Should I take it that there is actually a faulty mem access in my code? or is it the error that hits upon the initialization of cuda-memcheck???

anyone seen that behaviour before??

Thank you for any ideas.

3

3 Answers

1
votes

It looks like you have a memcheck-detectable error in your application. For some reason, cuda-gdb crashes when your application is suspended on the breakpoint.

  1. Does your cuda-gdb crash when you stop on regular breakpoints in the device code?
  2. What CUDA Toolkit and NVIDIA display driver versions are you using? We recommend you trying the latest CUDA Toolkit 5.0RC build as it has numerous stability and functionality improvements.
  3. It would be invaluable if you could contact out team directly at [email protected] to provide more information (this way we may be able to fix the problem in the next CUDA Toolkit version). Can you also provide the application that triggers the crash?

Thank you in advance.

0
votes

Based on Eugene's question on what happens on regular breakpoints, I added some in key points in the code ('key' with respect to the debugging output I have gotten until now) and I have the following 'odd' gdb output to report:

The following is from a CUFFT kernel call:

[Launch of CUDA Kernel 41 (spVector0016B_kernelTex<(fftDirection_t)-1><<<(16,1,1),(4,64,1)>>>) on Device 0]

0x00007ffff569c8b3 in select () from /lib/libc.so.6

(cuda-gdb) n

Single stepping until exit from function select, which has no line number information.

0x00007ffff3fe8de7 in ?? () from /usr/lib/libcuda.so

Is '??' normal output in that case because it's a CUFFT kernel?

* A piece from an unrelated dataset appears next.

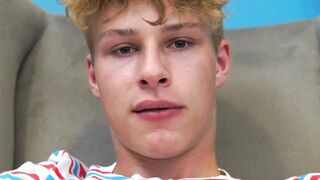 Curly haired hottie Lecio Mar strokes his pink long cock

The following is from another kernel launch, mine this time and I don't understand why it says 'no such file':

Breakpoint 5, BCSG<<<(1,1,1),(512,1,1)>>> (glerror=0x200620df8, sL=0x2009ffff8, ijL=0x200aa7ffc, X=0x2006035f8, D=0x2006075f8, Pre=0x200941ff8, error=1.00000001e-10, L=700, N=1024, flag=0x200c00000, r=0x2006095f8, r0=0x20060b5f8, p1=0x20060d5f8, p2=0x20060f5f8, vv=0x2006115f8, s1=0x2006135f8, s2=0x2006155f8, t=0x2006175f8, T=0x2006195f8, r1=0x20061b600, a=0x20061cbf8, w=0x20061e1f8, beta=0x20061f7f8, ns1=0x200affffc) at BCGC_solver.cu:96

96 BCGC_solver.cu: No such file or directory.

in BCGC_solver.cu

Also i would like to ask if this:

warning: Warp(s) other than the current warp had to be single-stepped.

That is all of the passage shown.